***** Data shown *****

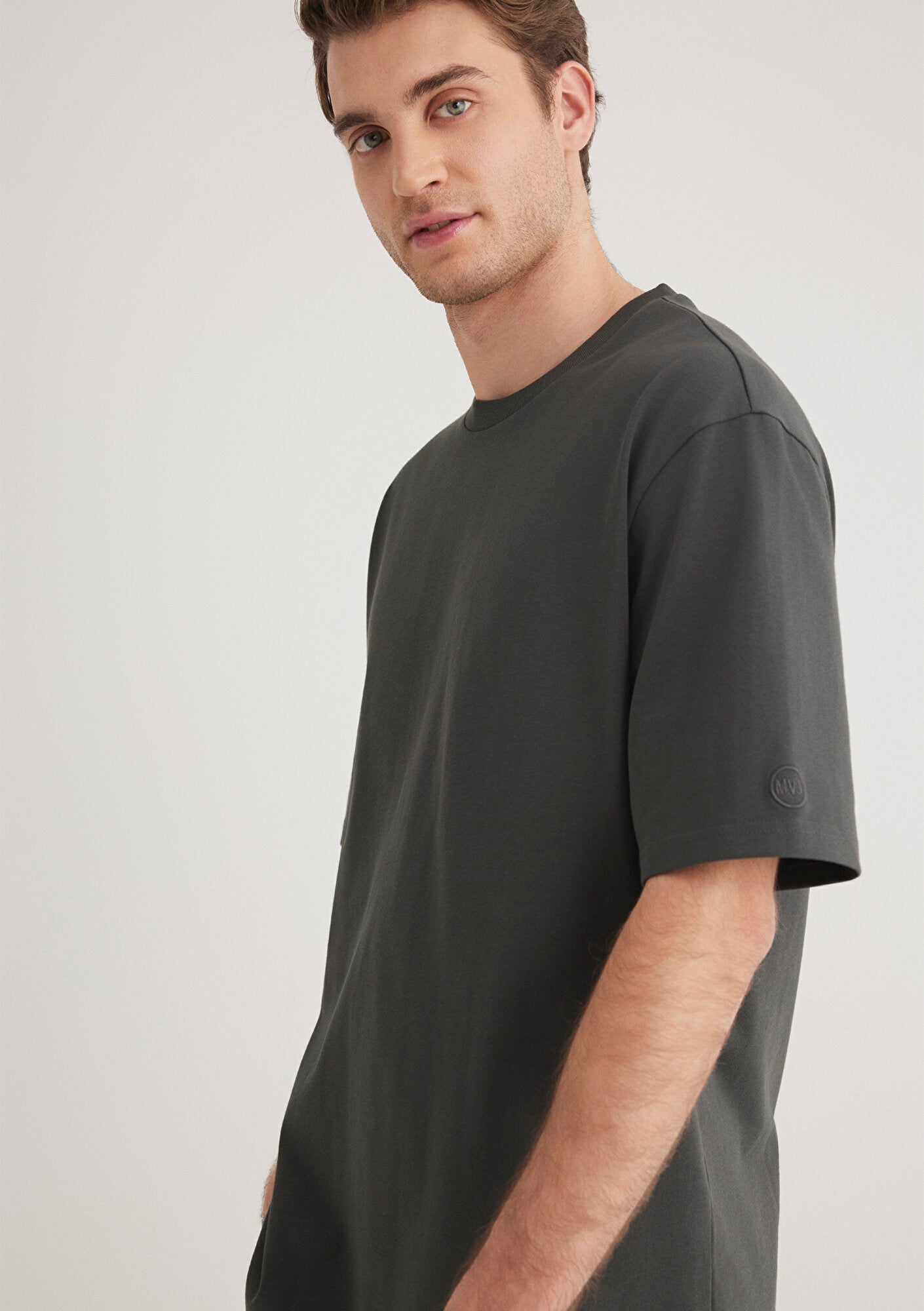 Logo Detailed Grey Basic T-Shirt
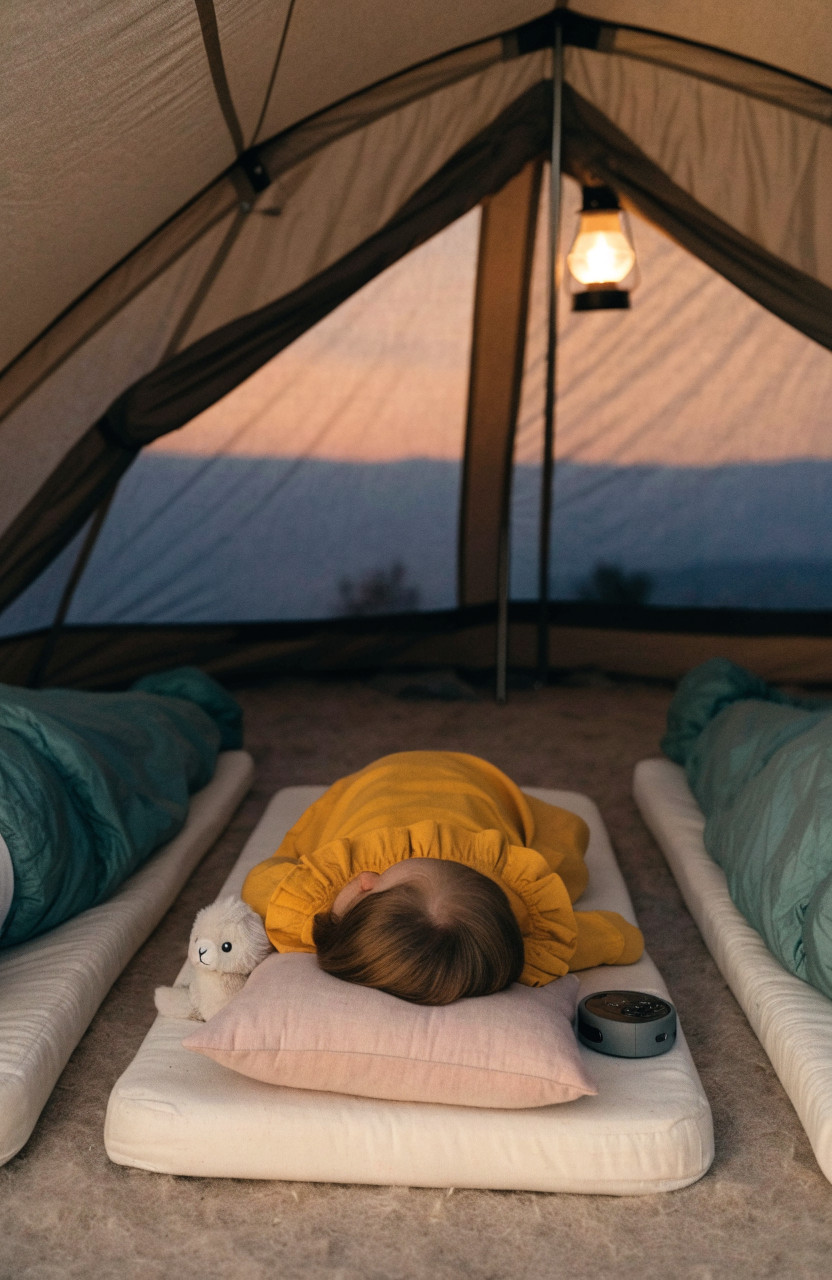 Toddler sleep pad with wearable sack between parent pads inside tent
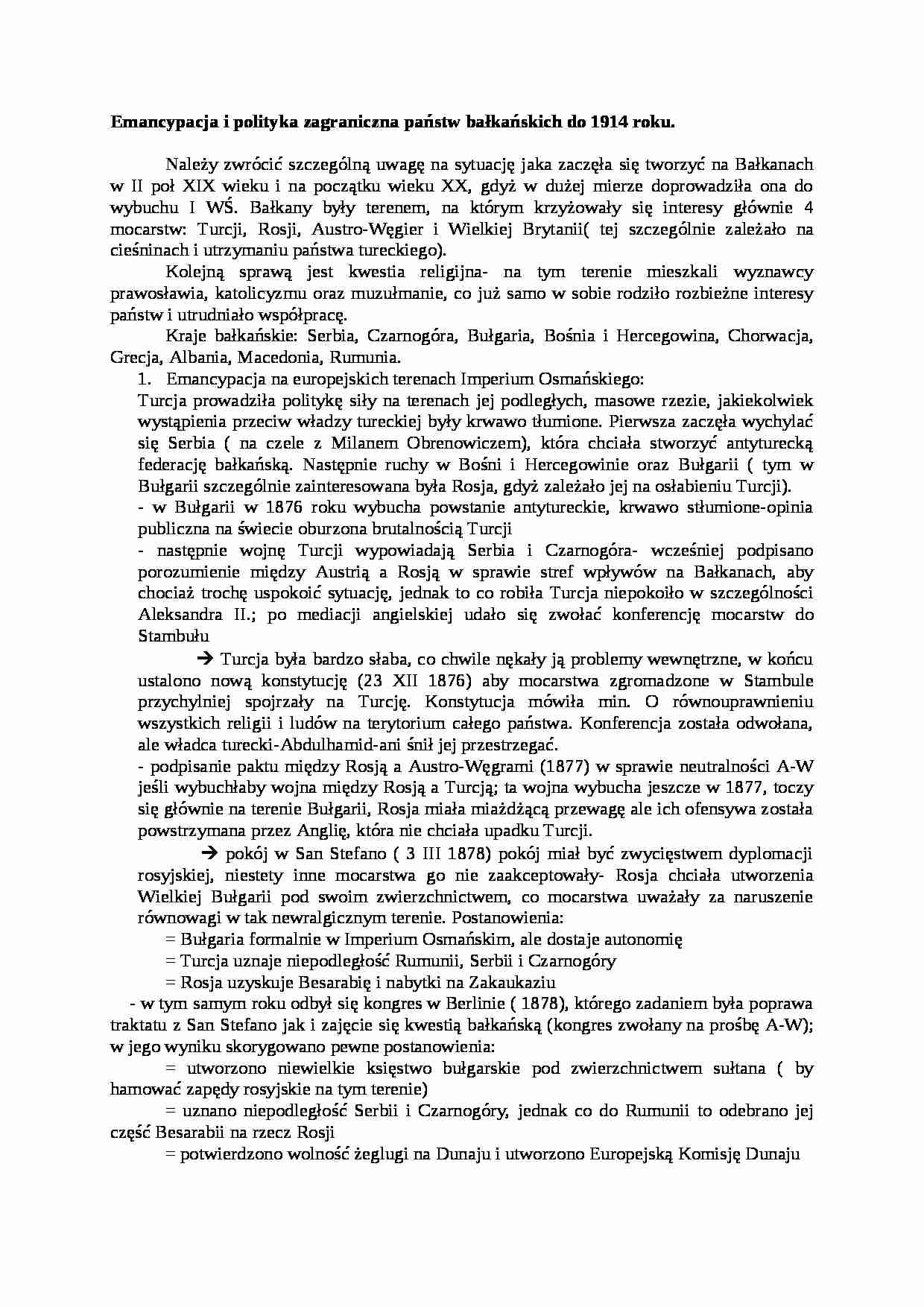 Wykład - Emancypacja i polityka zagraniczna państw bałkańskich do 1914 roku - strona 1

*****

Task goal → Please set down each line of the data above exactly as written, without the pictures.

Solution →
 Logo Detailed Grey Basic T-Shirt
 Toddler sleep pad with wearable sack between parent pads inside tent
 Wykład - Emancypacja i polityka zagraniczna państw bałkańskich do 1914 roku - strona 1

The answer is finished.